## RECORDED DATA
%%

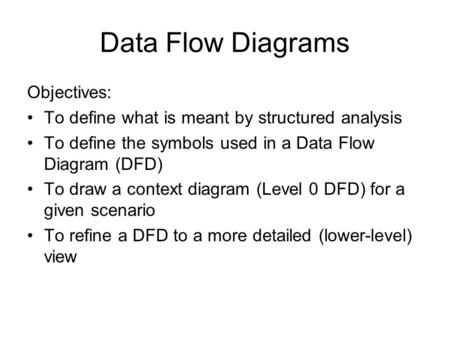 Data Flow Diagrams Objectives:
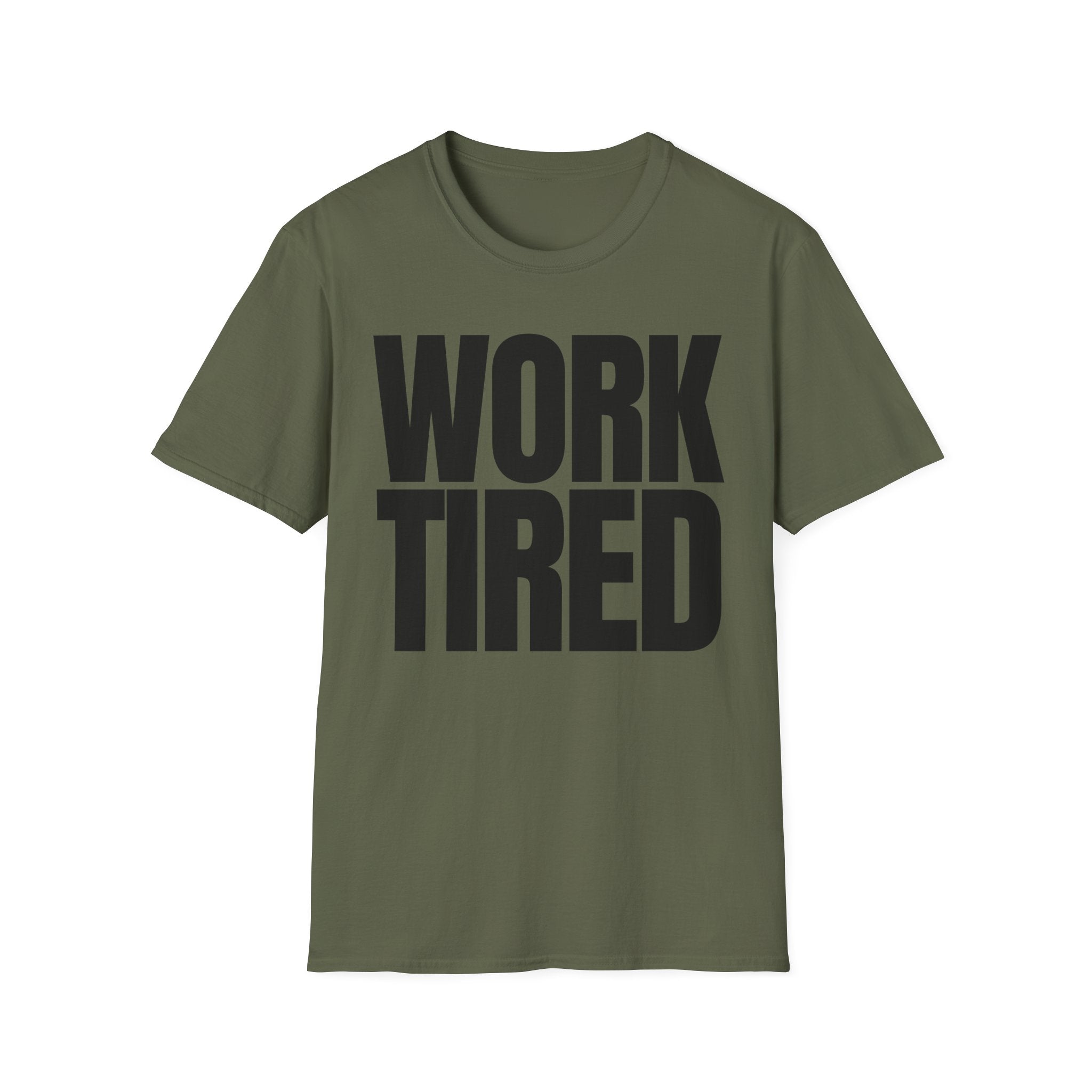 WORK TIRED T-SHIRT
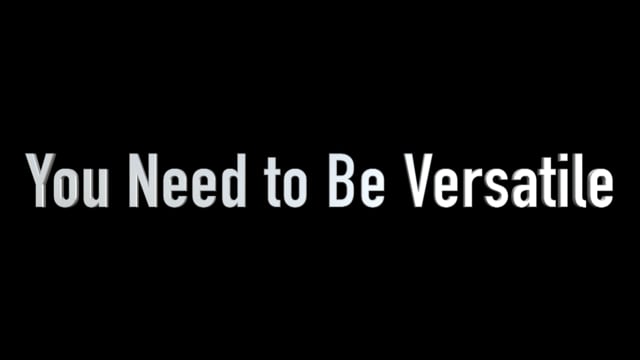 You Need to Be Versatile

%%

Copy every line of the data word for word, omitting the images.

 Data Flow Diagrams Objectives:
 WORK TIRED T-SHIRT
 You Need to Be Versatile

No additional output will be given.